SWJ: It seems that in some corners of Latin America, transnational criminal groups/gangs evolved into full-fledged insurgencies. Are they waging 4GW?

TX: The gangs are criminal international organizations. And criminals are not insurgents. Criminals do want territory, especially areas with weak governance, but they don’t want to run it. In Mexico, when pressured, some gangs did not stay and fight. They moved to El Salvador or Honduras. They will simply move out of the way. The solution to them is not so much counterinsurgency but drying up their profits. It is a business in the end. If the profit goes away, so does the criminal activity.  But as long as the demand remains, the crime can only be suppressed or displaced, not eliminated.

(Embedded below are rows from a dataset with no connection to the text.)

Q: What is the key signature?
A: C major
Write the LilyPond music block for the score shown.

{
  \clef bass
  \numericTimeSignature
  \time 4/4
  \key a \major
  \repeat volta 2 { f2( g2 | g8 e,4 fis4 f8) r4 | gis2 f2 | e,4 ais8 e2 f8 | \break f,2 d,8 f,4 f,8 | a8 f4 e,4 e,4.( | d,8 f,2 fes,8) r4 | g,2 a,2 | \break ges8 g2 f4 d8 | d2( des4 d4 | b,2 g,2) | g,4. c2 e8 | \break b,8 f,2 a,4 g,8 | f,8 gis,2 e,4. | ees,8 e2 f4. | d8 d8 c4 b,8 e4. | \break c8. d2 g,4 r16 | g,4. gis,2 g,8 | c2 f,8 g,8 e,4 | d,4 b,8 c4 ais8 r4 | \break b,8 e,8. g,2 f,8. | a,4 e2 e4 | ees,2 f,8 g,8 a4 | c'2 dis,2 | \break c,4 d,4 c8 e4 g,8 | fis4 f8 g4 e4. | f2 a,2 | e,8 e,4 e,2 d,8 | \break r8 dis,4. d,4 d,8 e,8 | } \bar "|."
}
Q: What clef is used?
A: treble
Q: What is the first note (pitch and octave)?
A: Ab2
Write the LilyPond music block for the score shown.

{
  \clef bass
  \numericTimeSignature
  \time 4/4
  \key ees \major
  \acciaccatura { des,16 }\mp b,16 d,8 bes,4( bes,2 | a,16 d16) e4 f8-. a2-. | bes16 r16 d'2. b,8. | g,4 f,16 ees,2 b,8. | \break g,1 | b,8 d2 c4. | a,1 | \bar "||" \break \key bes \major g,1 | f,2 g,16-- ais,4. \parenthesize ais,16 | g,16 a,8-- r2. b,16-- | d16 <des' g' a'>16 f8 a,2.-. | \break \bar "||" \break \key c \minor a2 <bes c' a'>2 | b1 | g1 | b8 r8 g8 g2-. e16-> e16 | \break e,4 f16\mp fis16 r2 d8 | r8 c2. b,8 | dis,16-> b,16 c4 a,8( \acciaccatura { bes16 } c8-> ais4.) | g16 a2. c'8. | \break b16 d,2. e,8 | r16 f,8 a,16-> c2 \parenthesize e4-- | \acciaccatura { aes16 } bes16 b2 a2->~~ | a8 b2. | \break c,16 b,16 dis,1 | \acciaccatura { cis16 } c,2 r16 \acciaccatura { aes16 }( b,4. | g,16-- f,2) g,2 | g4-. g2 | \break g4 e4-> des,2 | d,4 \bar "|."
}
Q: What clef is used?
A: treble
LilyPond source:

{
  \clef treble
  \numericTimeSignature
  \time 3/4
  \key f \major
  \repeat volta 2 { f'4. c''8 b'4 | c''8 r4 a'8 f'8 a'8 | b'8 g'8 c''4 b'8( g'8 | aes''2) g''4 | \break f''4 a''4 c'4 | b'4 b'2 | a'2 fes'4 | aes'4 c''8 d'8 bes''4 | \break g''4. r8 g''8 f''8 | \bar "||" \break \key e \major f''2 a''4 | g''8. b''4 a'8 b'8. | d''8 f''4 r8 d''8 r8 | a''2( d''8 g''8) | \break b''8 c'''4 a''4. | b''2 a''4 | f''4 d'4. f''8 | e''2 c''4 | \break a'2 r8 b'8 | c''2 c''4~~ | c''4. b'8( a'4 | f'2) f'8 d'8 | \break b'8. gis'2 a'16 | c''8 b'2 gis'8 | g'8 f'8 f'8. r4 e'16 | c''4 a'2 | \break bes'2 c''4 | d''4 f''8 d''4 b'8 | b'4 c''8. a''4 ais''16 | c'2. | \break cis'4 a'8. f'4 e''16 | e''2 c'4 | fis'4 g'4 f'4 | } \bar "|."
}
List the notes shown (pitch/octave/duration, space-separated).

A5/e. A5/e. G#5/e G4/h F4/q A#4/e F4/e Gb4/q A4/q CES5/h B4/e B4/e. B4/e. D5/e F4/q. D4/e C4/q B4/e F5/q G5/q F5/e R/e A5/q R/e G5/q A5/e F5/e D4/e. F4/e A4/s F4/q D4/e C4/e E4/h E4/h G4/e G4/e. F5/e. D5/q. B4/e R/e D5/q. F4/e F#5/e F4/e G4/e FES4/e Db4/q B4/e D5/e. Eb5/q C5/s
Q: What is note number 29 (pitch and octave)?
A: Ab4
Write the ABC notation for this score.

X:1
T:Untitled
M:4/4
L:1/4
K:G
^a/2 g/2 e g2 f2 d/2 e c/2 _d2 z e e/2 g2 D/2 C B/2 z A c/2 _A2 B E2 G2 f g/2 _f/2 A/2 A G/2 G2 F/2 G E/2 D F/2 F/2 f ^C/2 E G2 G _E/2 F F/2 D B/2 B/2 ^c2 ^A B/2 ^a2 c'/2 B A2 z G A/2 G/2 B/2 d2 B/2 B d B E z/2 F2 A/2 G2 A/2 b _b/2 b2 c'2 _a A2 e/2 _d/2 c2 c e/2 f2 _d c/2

SWJ: Do you see urbanization as a recipe for more insurgencies? Especially in the megacities?

TX: If the new urban areas are actually integrated into the city, it is actually hard for an insurgent to work there. The problem is most new urbanization is not integrated.  It evolves in the form of densely packed slums, places where the government doesn’t go. Still, the slums are governed, but they are governed differently. So they will require a different approach. What you need to do is to work out deals with whoever is governing them and work out some kind of power sharing. This is going to be a power-block to power-block negotiation. Americans will be very hesitant to be involved in something like that. We thought Baghdad was fun, but try Nairobi or a dense slum somewhere in Brazil. The question is do we care? Everyone wants to fix Syria and do something. Ok, let’s agree that we need to do something. Now what? If we intervene directly, we will unify all against us. We did that in Somalia. First we were heroes, and then we become an irritant and pretty soon everyone wanted us gone. I find very difficult to think of a place where we want to get directly involved in an insurgency.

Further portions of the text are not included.